Last night was D&D 4.0 night with and company. The encounter was a little different than our usual ones: We got into a bar fight. But, it wasn’t our fault. (This time.) And by “we got into a bar fight,” I mean that “we got beat on by a hero from the Forgotten Realms” (read: “ever-so-slightly out of our league”).

Correction: We got beat on by a drunken hero (read: “still ever-so-slightly out of our league”) from the Forgotten Realms.

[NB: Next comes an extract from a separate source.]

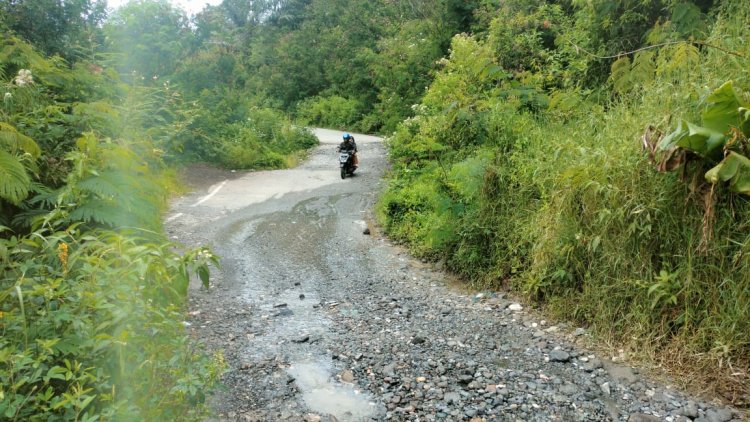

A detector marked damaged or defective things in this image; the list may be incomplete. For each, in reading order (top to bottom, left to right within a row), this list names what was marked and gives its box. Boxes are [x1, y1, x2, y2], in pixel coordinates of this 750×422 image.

It was a good encounter. We all survived, though some of our group had a few new lumps. And, we left the bar in one piece (more or less) and not on fire. I’d consider that a minor feat for our party.

Chew on This : Food for Thought – Black History Month
Today’s person of note is: Charles Young (1, 2, 3, 4)

Charles Young was the third African American graduate of West Point, the first black U.S. national park superintendent, first black military attaché, first black to achieve the rank of colonel, and highest-ranking black officer in the United States Army until his death in 1922.

Charles Young was born in 1864 into slavery to Gabriel Young and Arminta Bruen in May’s Lick, Kentucky, a small village near Maysville, but he grew up a free person. His father Gabriel escaped from slavery, in 1865 going across the Ohio River to Ripley, Ohio to enlist as a private in the Fifth Regiment of the Colored Artillery (Heavy) Volunteers during the American Civil War. After the war, the entire family migrated to Ripley in 1866, where the parents decided opportunities were better than in postwar Kentucky. As a youth, Charles Young attended the all-white high school in Ripley, the only one available. He graduated at age 16 at the top of his class. Following graduation, he taught school for a few years at the newly established black high school of Ripley.

While teaching, Young took a competitive examination for appointment as a cadet at United States Military Academy at West Point. He achieved the second highest score in the district in 1883, and after the primary candidate dropped out, Young reported to the academy in 1884. He was not the only black student in the academy,(John Hanks Alexander entered West Point Military Academy in 1883 and graduated in 1887, Alexander and Young shared a room for three years at West Point). He had to repeat his first year because of failing mathematics. Young’s strength was in languages, and he learned several. Young graduated with his commission as a second lieutenant in 1889, the third black man to do so at the time. Young began his service with the Ninth Cavalry in the American West: from 1889-1890 he served at Fort Robinson, Nebraska, and from 1890-1894 at Fort Duchesne, Utah.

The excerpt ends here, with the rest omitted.